Canonical has released Snapcraft 3.8, a new feature and maintenance update of their in-house built tool for packaging Linux apps in the Snap universal binary format.

Made for Ubuntu, but also available on the software repositories of various other popular GNU/Linux distributions, the Snapcraft tool lets application developers easily distribute their apps across multiple operating systems by packaging them in the Snap universal and containerized binary format.

These days, Snaps are being packaged and published by some of the major tech companies, such as Microsoft, Google, Mozilla, Spotify, and others, to make it easier for users to install cross-platforms apps on their GNU/Linux distributions. That's why Canonical decided to make a Windows installer for Snapcraft.

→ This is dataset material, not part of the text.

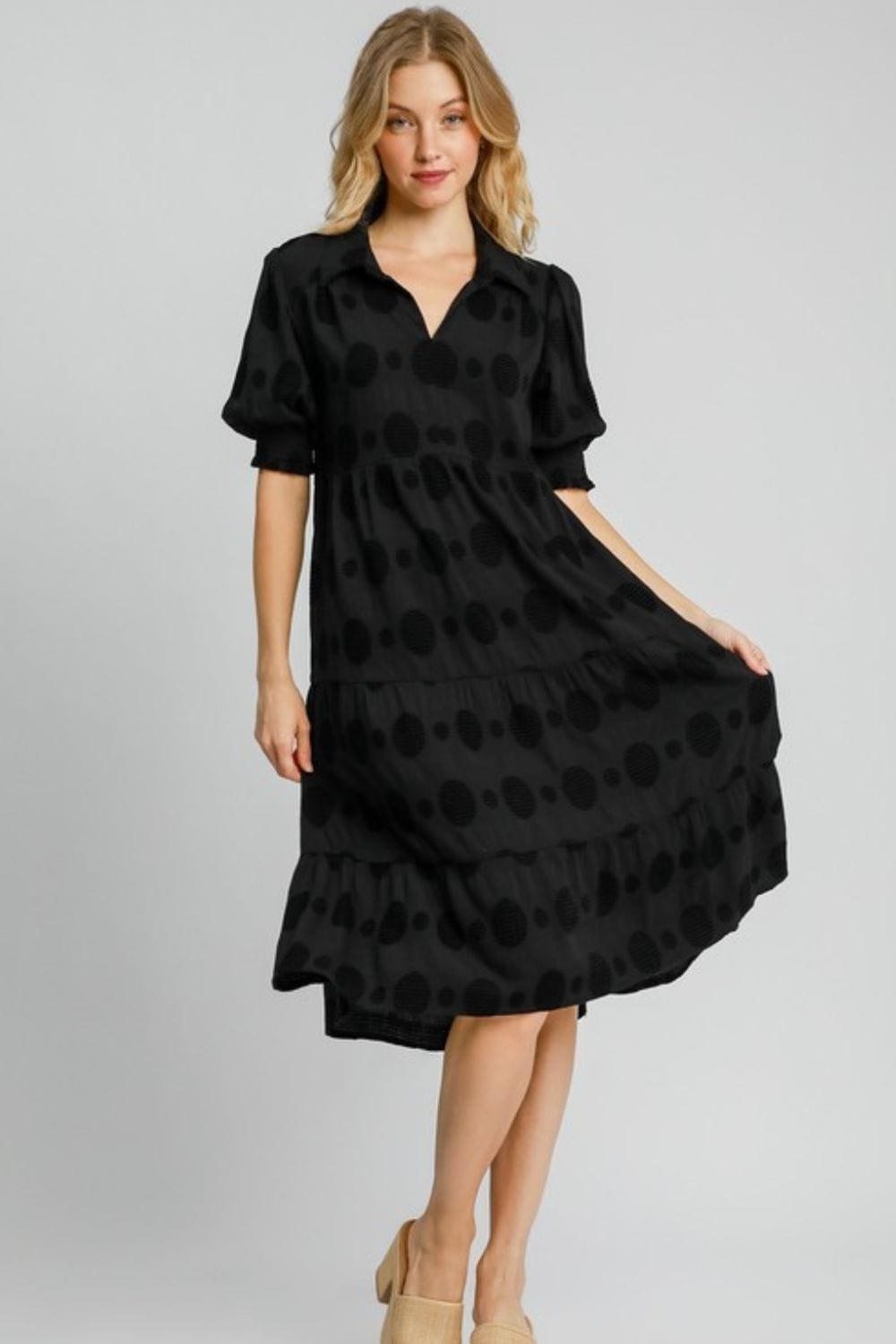 Umgee Full Size Swiss Dot Jacquard Tiered Midi Dress Plus Size - Trendsi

"Support for a Windows installer has been fully fleshed out and ready to be delivered, this means that Snapcraft will soon be able to run natively from Windows," Sergio Schvezov, Software Engineer at Canonical. The Windows installer will allow developers to package their apps as Snaps on Windows 10.

What's new in Snapcraft 3.8

The Snapcraft 3.8 release comes with some goodies for those who are already using the tool, such as support for using the build-bases keyword together with the kernel and snapd snap types, support for the GNOME 3.28 desktop environment via a new extension, as well as a new syntax to ignore packages.

Parallel building hints have been enforced in both the colcon and catkin plugins, and the rust plugin received support for properly and natively building on the s390x architecture. Snapcraft 3.8 also brings support for building inside Podman containers, as well as numerous other smaller fixes.

The full changelog is available on GitHub, from where you can also download Snapcraft 3.8's source code if you're compiling it yourself. Otherwise, we recommend updating your installations to Snapcraft 3.8 via the stable software repositories of your favorite GNU/Linux distribution.